Closed kbeckmann closed 6 years ago

kbeckmann commented 6 years ago

This is a draft to show what I mean in issue #11

kbeckmann commented 6 years ago

In GDB i can do this now:

0x080062dc in main () at app/main.c:120
120     ERR_CHECK(r);
(gdb) print g_status
$1 = HAL_ERROR
kbeckmann commented 6 years ago

Got a crazy idea when doing this. What about reserving the least 2 significant bits for HAL_StatusTypeDef?

typedef enum
{
  HAL_OK       = 0x00,
  HAL_ERROR    = 0x01,
  HAL_BUSY     = 0x02,
  HAL_TIMEOUT  = 0x03
} HAL_StatusTypeDef;

That way we can have good errors, but still encode the HAL error without the need of a global, and no worries about race conditions in case you want to check the hal error code programatically.

Edit: Maybe better to store it in bit 14 and 15. Our errors begin at 0x80000000, i.e. bit 31 will always be set. The module is encoded in bits 16-30. 0-15 are left per module. So if we OR in the status in bits 14 and 15, it will just magically work out.

Example:

#define LED_BASE        (ERR_BASE + (0x04 << 16))

// led.c
#define ELED_FOO    (LED_BASE + 2)

ELED_FOO is returned with hal error 0x3:
return (0x80000000 + 0x40000 + 2) | (0x3 << 14) = 0x8004C002  

14 bits for the individual errors should be enough! 16k...

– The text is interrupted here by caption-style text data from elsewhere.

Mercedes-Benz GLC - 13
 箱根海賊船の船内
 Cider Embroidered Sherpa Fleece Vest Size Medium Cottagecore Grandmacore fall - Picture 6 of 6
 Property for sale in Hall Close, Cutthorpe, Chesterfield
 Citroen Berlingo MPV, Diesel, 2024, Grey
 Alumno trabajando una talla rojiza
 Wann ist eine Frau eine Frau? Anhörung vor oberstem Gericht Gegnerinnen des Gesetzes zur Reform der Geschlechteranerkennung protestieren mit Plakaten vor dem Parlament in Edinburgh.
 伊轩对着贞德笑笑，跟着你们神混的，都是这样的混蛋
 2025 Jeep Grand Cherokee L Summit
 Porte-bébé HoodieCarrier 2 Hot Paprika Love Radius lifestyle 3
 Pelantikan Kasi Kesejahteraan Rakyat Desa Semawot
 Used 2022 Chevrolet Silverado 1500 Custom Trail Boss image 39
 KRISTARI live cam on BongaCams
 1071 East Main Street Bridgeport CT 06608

kbeckmann commented 6 years ago

Updated the branch with above changes. Think it works out pretty well.

kbeckmann commented 6 years ago

Oh crap. There are more. fixing. Thanks officer 🚔

kbeckmann commented 6 years ago

It seems there is no way to get gcc to warn about this type of error, i.e. when returning an uint32_t when it should be an err_t, since they resolve to the same type.